Some percentage of requests are returning 502

Hello,

On my server https://dashboard.render.com/web/srv-bthsgsqpp1jog4onotp0 some smallish percentage of requests return a 502 error. We especially notice this on a page that has a 10s polling interval.

I don’t know what’s wrong!

Thanks,
Brandon

Hi @flybayer,

I took a look at your service, and the 502s that I’ve found are all “connection reset by peer” errors, which implies to me that your process is either terminating the connections, or your process itself is restarting.

I noticed that once you deployed a new version of your service, the 502s stopped. Do you think there might have been an issue with the process that had been running before then?

Hmm, not that I know of. And I don’t know why that would be happening. :thinking:

@dan can you do some more digging? I’m unable to find any issues with my code. My code works perfect locally, but on Render we are having this constant 502 problem.

I don’t know how to debug any further. I’m happy to provide any info that can help.

I’ve taken another look at the service, and in its event log I see a few “Server failed” events with the “Out of memory (used over 512MB)” reason.

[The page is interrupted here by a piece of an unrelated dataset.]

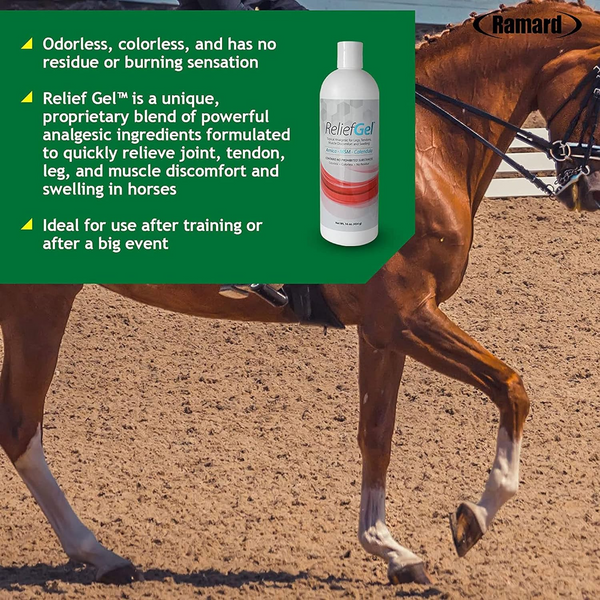 Ramard Relief Gel Liniment Support for Horses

If you look at your service’s metrics page, you can see a memory spike corresponding with the most recent “out of memory” event.

When your service instance exceeds the memory limit of the service’s plan, it is terminated and restarted automatically. Since your service has 1 instance, it will be unavailable for a short period of time while it is restarted. I recommend one of two options:

  • Choose a larger plan for your service so it has enough available memory to avoid restarts
  • Add one or more additional instances so your service is still available when one of the instances is restarting

Yes, I understand that, but the 502 issue I’m having is not the restarts. The 502 error happens quite frequently while the app is running.

Got it, yeah, I see that the 502s are happening much more frequently than the restarts.

I just tried removing our routing layer and making HTTP requests to your process directly, and am seeing connection timeouts and 500s. Revisiting our routing layer’s logs, this matches the “connection reset by peer” errors I had mentioned above.

I’ve also taken a look at your service’s logs, and do see TimeoutErrors, but I don’t know for certain that that’s the same error that’s presenting as a connection timeout when I make a request to your process.

I’m not certain what difference between your server running in Render and your local server would result in these timeouts, but I can narrow down the timeouts to coming from your server. It may be valuable to add extra logging to your server to try to get additional information for each connection.